Task instructions ▸ An exact copy of the data below is needed; please leave out any pictures.

Data ▸
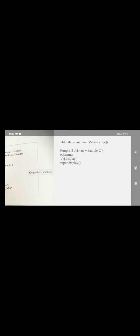Now, in this situation, how can you access the base class method? You should use the super keyword. Keep it in mind: super.display() will invoke the display method present in the base class, whereas object.display() will invoke the method present in the subclass.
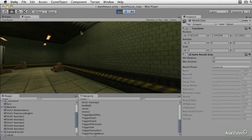That's your basic idea about how to add reverb zones inside Unity. We're going to get into scripting in our next video, so stay tuned.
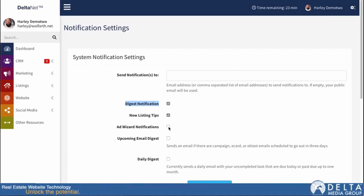We also have AdWizard notifications. This is going to be specific for AdWizard. If you set up any ads through AdWizard, this is what allows that system to send you notifications. If you don't want to receive those, you would just turn this off. Or, alternatively, if you're not using AdWizard, then obviously you won't get notifications there either.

Task output ▸
Now, in this situation, how can you access the base class method? You should use the super keyword. Keep it in mind: super.display() will invoke the display method present in the base class, whereas object.display() will invoke the method present in the subclass.
That's your basic idea about how to add reverb zones inside Unity. We're going to get into scripting in our next video, so stay tuned.
We also have AdWizard notifications. This is going to be specific for AdWizard. If you set up any ads through AdWizard, this is what allows that system to send you notifications. If you don't want to receive those, you would just turn this off. Or, alternatively, if you're not using AdWizard, then obviously you won't get notifications there either.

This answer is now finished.